Daar tegenover staat het kristalliseren.
“Het kristalliseren is een proces waarbij in tegenstelling tot de amorfe as, de stof door een op haar inwerkende en beheersende vormkracht wordt geordend. Maar deze vorm die, zoals alle vormen, naar haar wezen bovenzinnelijk is, komt, omdat ze in de stof werkt, tot zichtbare verschijning. Zij is bij een kristal een totaal fysieke vorm, dat wil zeggen een in de ruimte verschijnende vorm. Zo’n kristallisatievorm, zoals de kristallografie die beschrijft kan men in de zin van Rudolf Steiners begripsvorming ook een ‘fantoom’ noemen. Het is het minerale fantoom, in tegenstelling tot het menselijke fantoom, dat weliswaar net zoals het minerale bovenzinnelijk en eveneens fysiek is, maar toch geen pure ruimtelijke vorm, maar een die een door het Ik aangezette menselijke vorm produceert. Het zuivere fantoom van zout is niet vermengd met stof, dus helemaal zonder amorfe materie. Maar dit pure zoutfantoom komt op aarde niet voor. Alleen in een diamant … nadert een “zout” dit pure zoutfantoom.”
[Dumke in Karl König: Auferweckung und Auferstehung 1997/blz. 89 e.v.]
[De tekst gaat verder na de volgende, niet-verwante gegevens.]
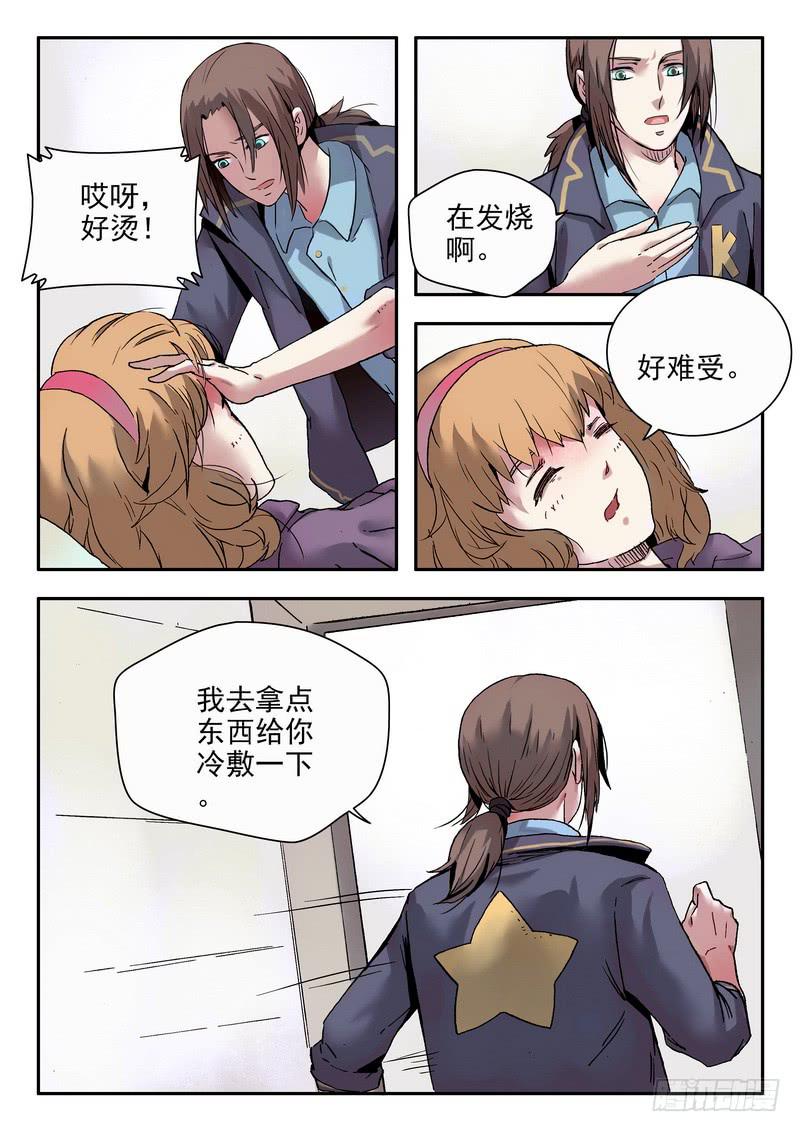 第四话 老同学1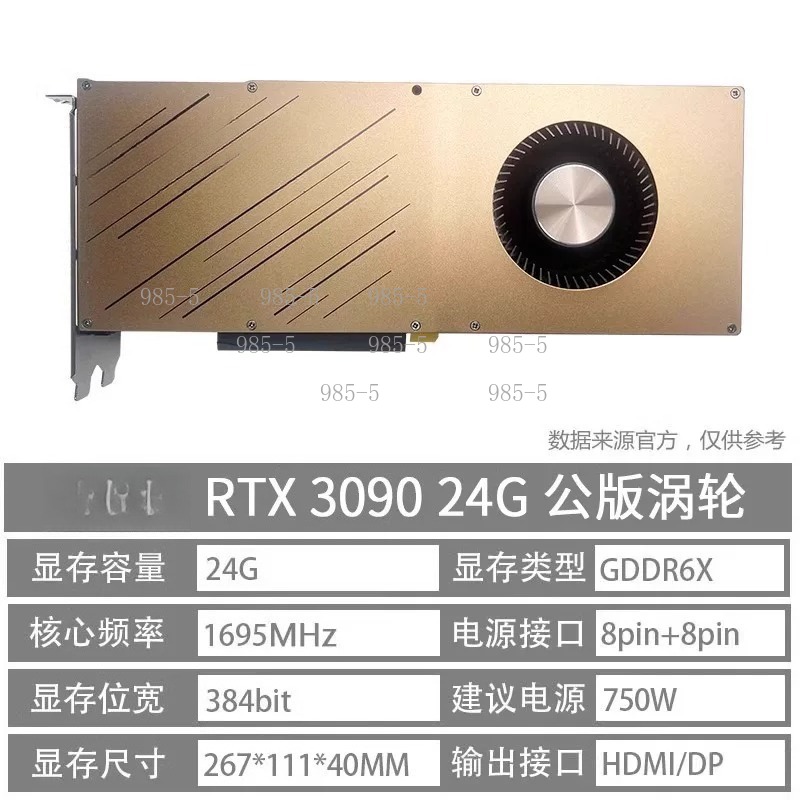 Kartu Grafis RTX 3090 10GB unt - Rtx 3090 24Gb Graphics Card ulasan dan harga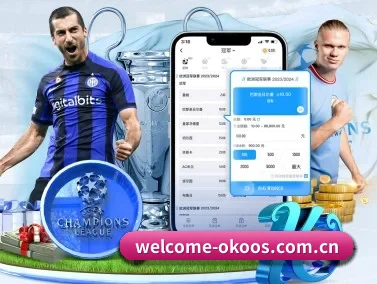 welcome-okoos.com.cn APP - aoko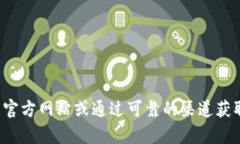 抱歉，我无法提供特定资源或平台的最新地址信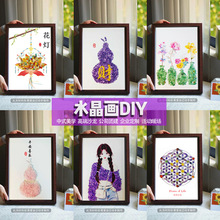 ��Ȼˮ��ꇌ�ʯ����ֹ�diy��ʯƴ�N��I�Ļ�ɳ����^ů��ף��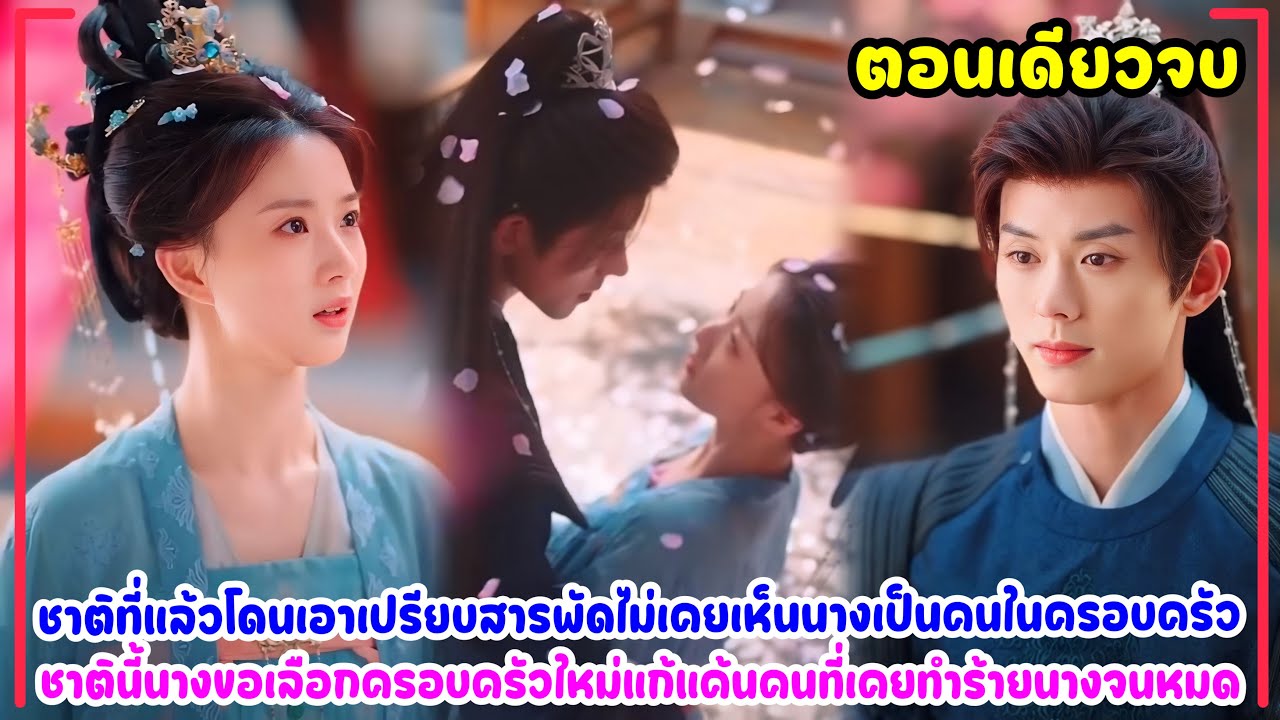 เธอโดนครอบครัวเอาเปรียบจนจากโลกนี้ไป ชาตินี้จึงเลือกครอบครัวใหม่เพื่อแก้แค้นและได้หนุ่มหล่อเป็นสามี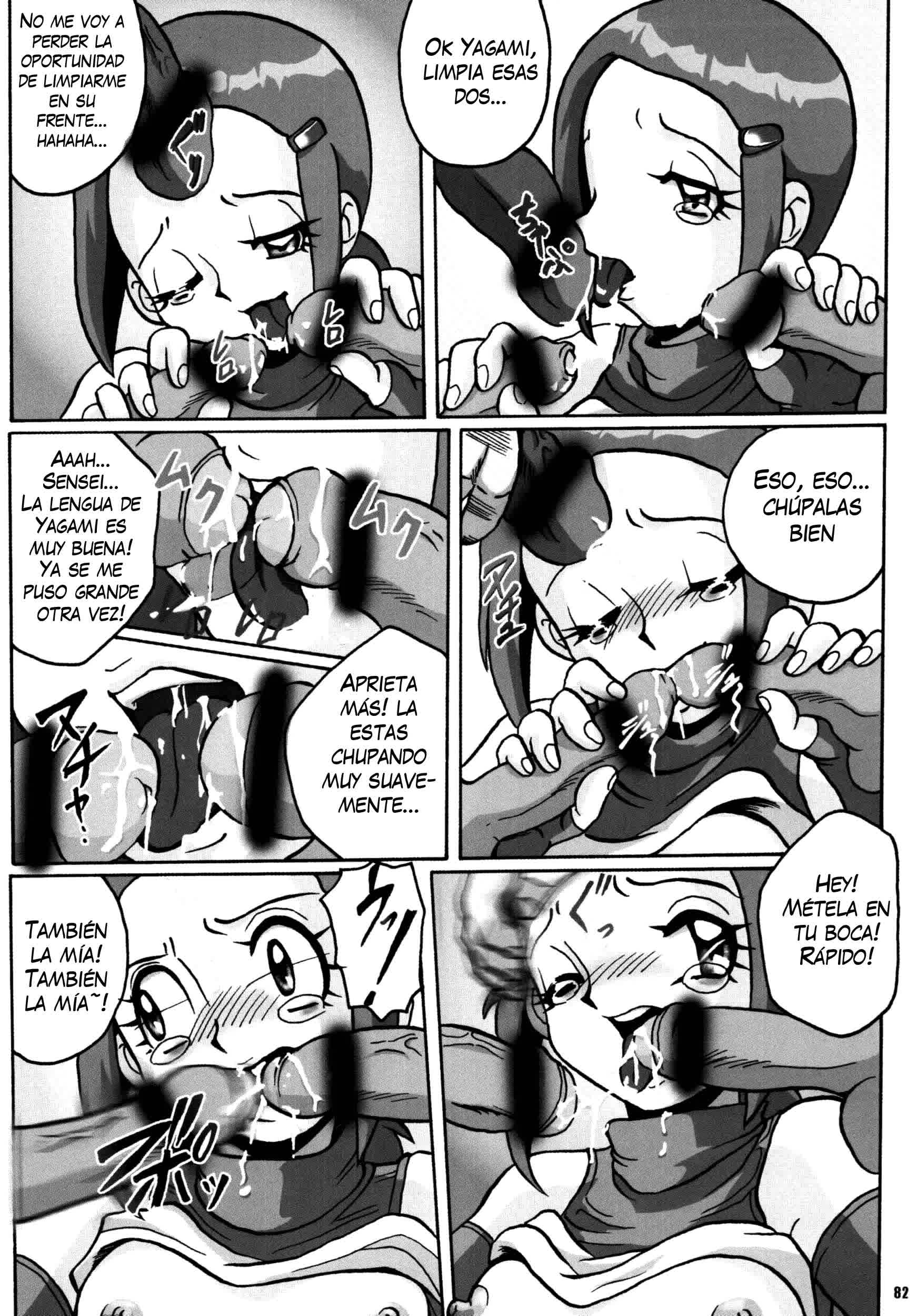 Hikari Zettai no Kiki Comic porno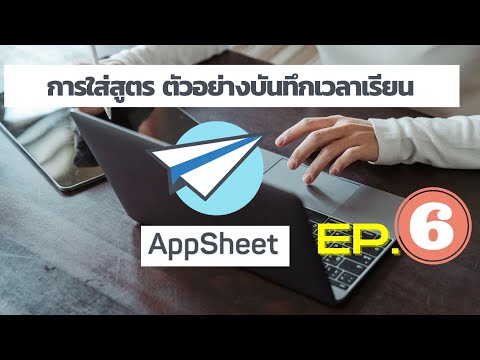 appsheetep6 การใส่สูตร ตัวอย่างบันทึกเวลาเรียน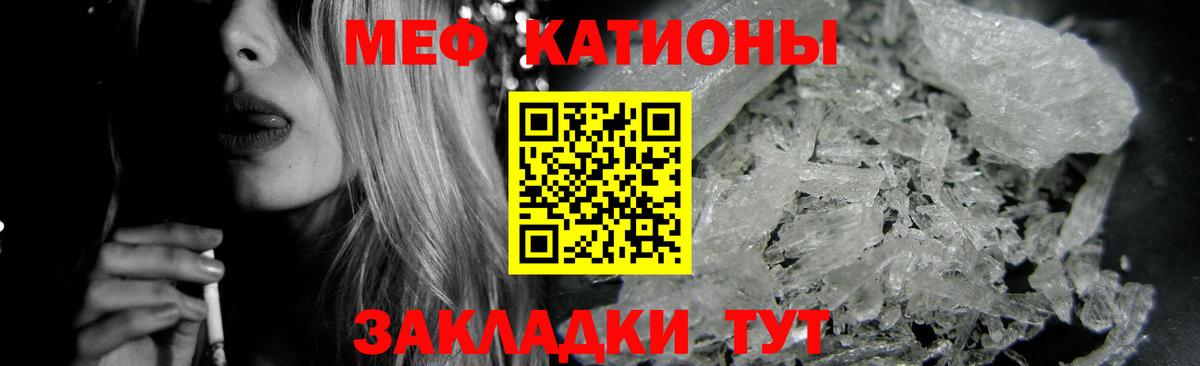 Аксай  МЕФ  Вход с VPN  купить  сайты  Мефедрон 4 MMC  МЯУ-МЯУ мука 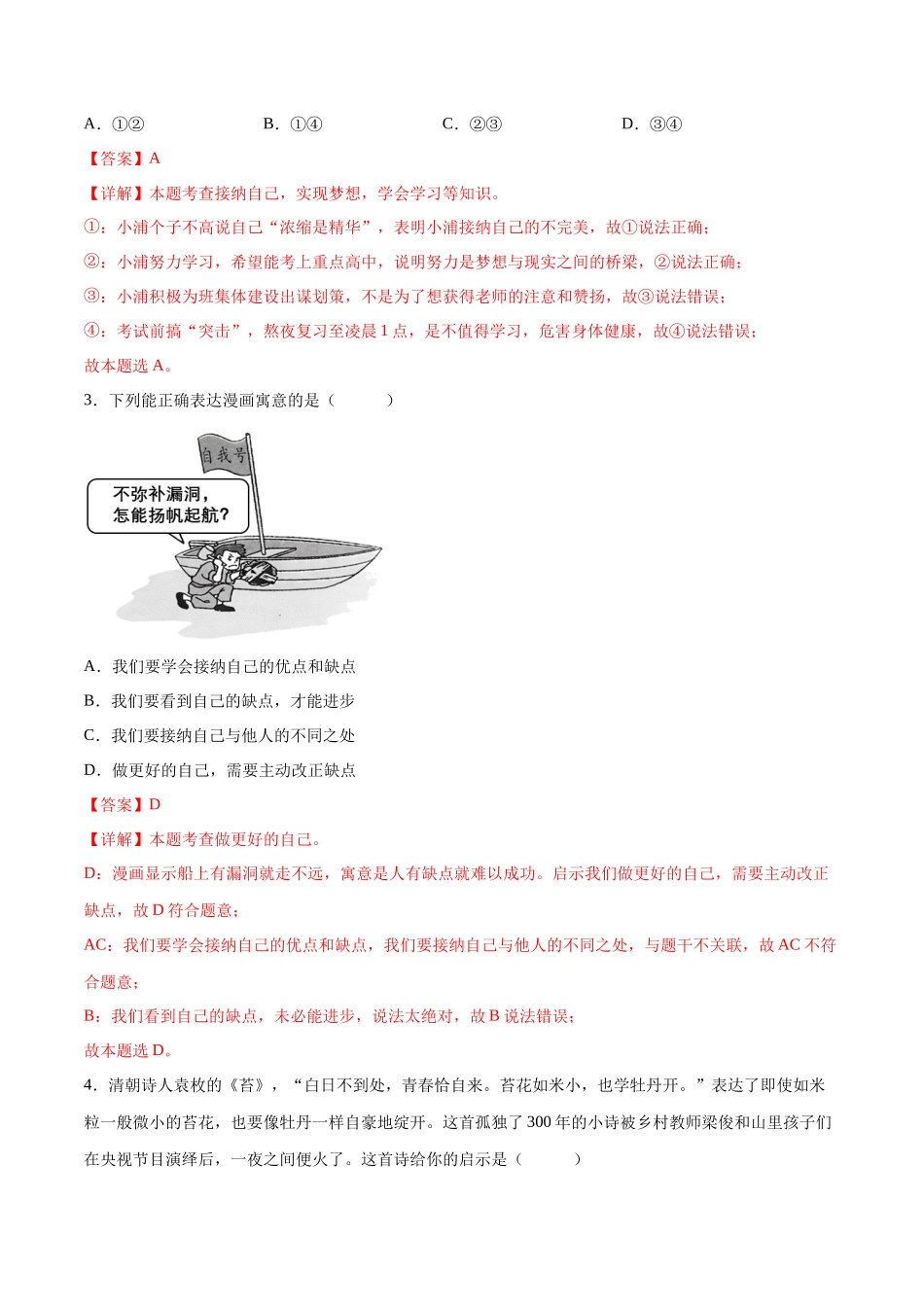 道德与法治（北京卷）（全解全析）(1).docx_第2页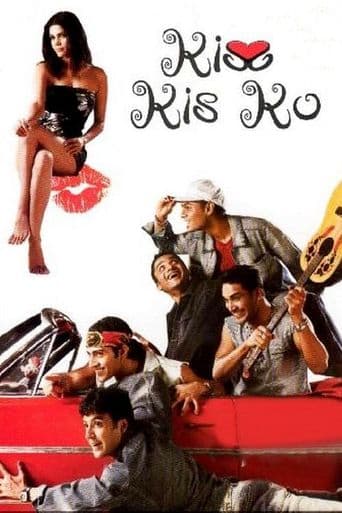 Kiss Kis Ko poster art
Maar waar gaat het dan om? De uitspraak van Rudolf Steiner dat de wet van behoud van energie een obstakel vormt voor het begrijpen van het wezen van de mens vraagt natuurlijk om uiteenzettingen over hoe dit obstakel overwonnen kan worden. Centraal moet bij de rol die het stoffelijk overschot staan dat het in eerste instantie niet zo zeer om materiële processen gaat die terugwerken op de ermee verbonden energiebalans, maar veel meer om effecten in het gebied van de vormkrachten. Want de veranderingen van het lichaam tussen geboorte en dood zijn er niet alleen op terug te voeren, dat de stoffen een grondige uitwisseling en een omvorming ondergaan, maar ook dat het hele lichamelijke van de geboorte af door ziel en geest van de mens wordt beïnvloed, doorleefd en omgevormd; we hebben te maken met een ‘gerichte vorm die zich levend ontwikkelt’. Zo wordt bijvoorbeeld het overgeërfde eiwit verhoudingsgewijs snel – binnen een paar maanden – ingeruild voor door het organisme zelf voortgebracht eiwit. Het laatste erfelijke restant, het gebit, blijft tot het zevende jaar of later; de tanden worden met de tandenwisseling als hardste overgeërfde substantie uitgestoten. En zelfs deze krachten – die de vormverandering ingang zetten – gaan als verjongingskracht over in de kristallisatiesfeer van het aardeorganisme.

De betekenis en mysterie van dit proces met betrekking op het fysieke lichaam heeft Steiner herhaaldelijk in zijn betekenis en raadselachtigheid proberen te doorgronden.